On the Sunday after the storm I preached on “Preparing for life,” based on Mark 1:1-13. I said we prepare for life by receiving the Holy Spirit, we prepare by receiving a divine call, and we prepare by being tested. And we were being tested. I wanted people who had been displaced to not get discouraged by the state they were in, but to see it as preparing them further for life.

—H. Leon Williams, pastor of Reeves Temple Christian Methodist Episcopal Church in Lake Charles, Louisiana, which housed 50 people taking refuge from the storm beginning Saturday, August 27. Williams attended a summit of black ministers who met in Memphis September 12 to discuss efforts to speed delivery of aid to the region. Attendees included Jesse Jackson and Red Cross chief Marsha Evans.

When our team arrived in Baton Rouge, that city had doubled in size virtually overnight. We saw long lines for gas, monitored by police. Electricity was sporadic and telecommunications proved frustrating at best. Police convoys and emergency responders crowded the streets. The radio crackled with announcements of people trying to locate missing kin. The displaced arrived in shelters that were manned by warm and gracious volunteers, but the lack of air conditioning, adequate supplies and answers to critical questions tested everyone’s stamina.

The Terrebonne Readiness and Assistance Coalition (TRAC), a Church World Service partner agency in Houma, Louisiana, was housing and feeding 958 people. But how long could this be sustained? How long could communities like Houma—under a curfew due to lack of electricity—sustain help to disaster survivors? That was a question being asked all across Louisiana and in other states too.

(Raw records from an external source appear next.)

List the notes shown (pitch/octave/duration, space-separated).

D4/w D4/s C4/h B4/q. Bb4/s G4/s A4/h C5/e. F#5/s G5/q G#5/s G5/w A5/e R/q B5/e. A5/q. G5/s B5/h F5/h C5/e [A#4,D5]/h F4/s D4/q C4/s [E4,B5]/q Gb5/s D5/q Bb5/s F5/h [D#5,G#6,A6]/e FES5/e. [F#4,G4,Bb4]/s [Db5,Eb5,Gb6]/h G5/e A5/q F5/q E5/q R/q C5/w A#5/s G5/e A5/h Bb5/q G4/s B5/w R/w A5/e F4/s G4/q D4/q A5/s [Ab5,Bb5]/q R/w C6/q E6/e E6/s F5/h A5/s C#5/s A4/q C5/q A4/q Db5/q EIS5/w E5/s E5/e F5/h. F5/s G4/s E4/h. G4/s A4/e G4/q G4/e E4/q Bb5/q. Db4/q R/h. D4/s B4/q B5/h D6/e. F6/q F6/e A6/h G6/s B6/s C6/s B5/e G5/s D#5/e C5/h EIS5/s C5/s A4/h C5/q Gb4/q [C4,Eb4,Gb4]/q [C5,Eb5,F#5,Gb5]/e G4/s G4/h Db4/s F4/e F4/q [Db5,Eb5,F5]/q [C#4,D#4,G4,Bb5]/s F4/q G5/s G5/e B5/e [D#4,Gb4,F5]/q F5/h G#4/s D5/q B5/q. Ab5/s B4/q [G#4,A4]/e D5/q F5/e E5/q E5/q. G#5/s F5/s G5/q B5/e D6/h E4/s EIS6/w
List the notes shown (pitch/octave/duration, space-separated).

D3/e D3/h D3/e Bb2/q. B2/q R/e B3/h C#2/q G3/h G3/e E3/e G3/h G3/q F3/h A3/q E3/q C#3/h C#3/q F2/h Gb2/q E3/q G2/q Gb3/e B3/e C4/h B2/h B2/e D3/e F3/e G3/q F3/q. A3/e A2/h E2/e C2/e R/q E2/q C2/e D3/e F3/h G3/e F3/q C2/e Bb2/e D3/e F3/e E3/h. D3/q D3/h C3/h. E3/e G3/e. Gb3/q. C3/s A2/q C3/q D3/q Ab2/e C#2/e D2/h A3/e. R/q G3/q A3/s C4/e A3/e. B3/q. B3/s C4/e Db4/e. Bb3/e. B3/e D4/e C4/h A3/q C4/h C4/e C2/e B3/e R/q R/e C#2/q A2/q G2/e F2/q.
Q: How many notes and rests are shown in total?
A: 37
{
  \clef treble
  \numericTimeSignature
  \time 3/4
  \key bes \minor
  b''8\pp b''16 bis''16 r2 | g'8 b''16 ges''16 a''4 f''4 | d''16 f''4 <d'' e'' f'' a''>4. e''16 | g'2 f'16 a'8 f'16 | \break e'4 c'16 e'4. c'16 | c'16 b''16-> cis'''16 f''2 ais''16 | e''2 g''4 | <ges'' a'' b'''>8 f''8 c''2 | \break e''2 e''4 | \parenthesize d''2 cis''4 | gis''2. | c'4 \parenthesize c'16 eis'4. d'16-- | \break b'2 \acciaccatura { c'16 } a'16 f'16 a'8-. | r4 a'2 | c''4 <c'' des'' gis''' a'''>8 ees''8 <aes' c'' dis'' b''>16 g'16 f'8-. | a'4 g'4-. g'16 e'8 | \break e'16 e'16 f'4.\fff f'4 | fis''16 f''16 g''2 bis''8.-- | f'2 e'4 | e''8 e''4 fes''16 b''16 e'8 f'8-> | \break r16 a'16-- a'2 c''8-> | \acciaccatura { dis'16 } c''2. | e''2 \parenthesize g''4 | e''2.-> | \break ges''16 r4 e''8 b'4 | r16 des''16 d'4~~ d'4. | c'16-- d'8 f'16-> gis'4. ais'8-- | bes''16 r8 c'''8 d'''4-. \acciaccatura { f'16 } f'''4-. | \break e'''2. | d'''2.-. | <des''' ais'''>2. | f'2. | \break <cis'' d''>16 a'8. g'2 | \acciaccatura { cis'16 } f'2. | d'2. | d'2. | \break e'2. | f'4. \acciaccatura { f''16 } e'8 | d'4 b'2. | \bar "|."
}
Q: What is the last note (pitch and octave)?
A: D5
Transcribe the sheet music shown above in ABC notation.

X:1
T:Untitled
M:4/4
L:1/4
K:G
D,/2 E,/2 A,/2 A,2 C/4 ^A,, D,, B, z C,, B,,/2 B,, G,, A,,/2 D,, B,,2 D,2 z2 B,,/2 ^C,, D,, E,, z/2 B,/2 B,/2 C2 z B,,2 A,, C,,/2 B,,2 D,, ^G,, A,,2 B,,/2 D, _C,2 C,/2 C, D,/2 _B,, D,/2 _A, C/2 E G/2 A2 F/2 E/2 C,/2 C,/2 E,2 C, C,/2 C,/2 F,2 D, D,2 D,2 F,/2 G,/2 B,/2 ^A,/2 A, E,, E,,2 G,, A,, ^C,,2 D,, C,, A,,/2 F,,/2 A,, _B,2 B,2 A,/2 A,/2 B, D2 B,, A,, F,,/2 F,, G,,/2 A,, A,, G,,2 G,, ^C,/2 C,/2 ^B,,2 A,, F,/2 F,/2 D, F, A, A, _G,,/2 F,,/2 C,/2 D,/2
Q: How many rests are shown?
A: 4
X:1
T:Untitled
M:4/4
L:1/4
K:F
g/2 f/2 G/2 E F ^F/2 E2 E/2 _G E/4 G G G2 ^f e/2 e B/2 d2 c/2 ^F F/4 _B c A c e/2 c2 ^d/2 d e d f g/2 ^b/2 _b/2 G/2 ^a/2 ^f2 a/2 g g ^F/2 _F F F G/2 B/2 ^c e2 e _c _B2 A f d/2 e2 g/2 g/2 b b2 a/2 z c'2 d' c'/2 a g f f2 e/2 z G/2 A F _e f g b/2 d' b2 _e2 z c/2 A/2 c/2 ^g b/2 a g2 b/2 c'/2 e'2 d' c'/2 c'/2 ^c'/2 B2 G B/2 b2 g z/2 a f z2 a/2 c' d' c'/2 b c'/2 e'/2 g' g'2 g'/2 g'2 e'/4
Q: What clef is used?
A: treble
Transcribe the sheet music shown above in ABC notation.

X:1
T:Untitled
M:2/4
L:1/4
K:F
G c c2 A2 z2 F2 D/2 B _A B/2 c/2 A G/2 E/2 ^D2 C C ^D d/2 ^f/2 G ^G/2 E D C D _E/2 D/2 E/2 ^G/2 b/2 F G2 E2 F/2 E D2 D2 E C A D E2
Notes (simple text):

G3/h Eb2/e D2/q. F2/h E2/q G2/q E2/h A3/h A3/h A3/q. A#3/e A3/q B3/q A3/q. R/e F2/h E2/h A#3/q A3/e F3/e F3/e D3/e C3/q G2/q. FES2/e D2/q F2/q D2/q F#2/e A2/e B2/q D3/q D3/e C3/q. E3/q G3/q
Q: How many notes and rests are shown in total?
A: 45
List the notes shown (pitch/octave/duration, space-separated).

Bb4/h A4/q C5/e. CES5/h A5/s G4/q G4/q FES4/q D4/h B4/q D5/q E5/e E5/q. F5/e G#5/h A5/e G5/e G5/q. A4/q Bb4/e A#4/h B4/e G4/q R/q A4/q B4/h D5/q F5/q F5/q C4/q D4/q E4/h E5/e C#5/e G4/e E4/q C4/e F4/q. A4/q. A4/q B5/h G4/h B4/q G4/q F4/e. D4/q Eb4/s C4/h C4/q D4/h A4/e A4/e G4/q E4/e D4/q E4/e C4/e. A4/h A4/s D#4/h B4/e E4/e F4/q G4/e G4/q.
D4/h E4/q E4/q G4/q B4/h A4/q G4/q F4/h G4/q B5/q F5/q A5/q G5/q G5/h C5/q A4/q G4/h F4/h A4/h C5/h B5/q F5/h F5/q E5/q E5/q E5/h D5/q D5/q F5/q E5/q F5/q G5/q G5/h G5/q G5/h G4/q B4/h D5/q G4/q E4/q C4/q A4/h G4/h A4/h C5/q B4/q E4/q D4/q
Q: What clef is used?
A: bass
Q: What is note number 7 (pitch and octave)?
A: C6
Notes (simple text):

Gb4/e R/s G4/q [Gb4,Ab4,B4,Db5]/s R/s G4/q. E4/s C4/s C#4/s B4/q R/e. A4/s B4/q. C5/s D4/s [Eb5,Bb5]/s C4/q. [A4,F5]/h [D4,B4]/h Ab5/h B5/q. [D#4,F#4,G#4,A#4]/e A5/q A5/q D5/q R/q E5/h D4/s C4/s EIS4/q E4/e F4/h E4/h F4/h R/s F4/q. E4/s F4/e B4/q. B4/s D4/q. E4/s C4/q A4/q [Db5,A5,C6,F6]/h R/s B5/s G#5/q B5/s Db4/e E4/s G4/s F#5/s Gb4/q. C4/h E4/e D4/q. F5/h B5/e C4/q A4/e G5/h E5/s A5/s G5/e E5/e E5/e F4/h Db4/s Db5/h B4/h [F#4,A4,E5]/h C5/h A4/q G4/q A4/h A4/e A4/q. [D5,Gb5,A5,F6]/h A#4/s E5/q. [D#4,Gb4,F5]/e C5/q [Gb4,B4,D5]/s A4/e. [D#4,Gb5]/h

The immediate needs in the affected areas were physical. But CWS was poised to work on spiritual care, care for the caregivers and the long-term efforts to rebuild communities where the common lament is that the world they knew no longer exists.

The United States has more displaced persons in its midst than at any time since the Civil War, more internally displaced persons than some Third World countries. It is a diaspora that has quickly dispersed to nearly every region of the country, a diaspora largely of the poor, those who rely most on faith communities and family.

In the end, the response to Katrina is about respecting the dignity of disaster survivors. While the nation debates the inadequacy of the federal response (and it was made clear in virtually every conversation I had in Louisiana that our nation had not risen to the occasion), I worry that communities most heavily impacted by Katrina—rural and urban poor, people of color and the underemployed—will still not command the response or respect that is their due.

—John McCullough, executive director of Church World Service, who arrived in Baton Rouge on Wednesday, August 31, to meet with interfaith agencies.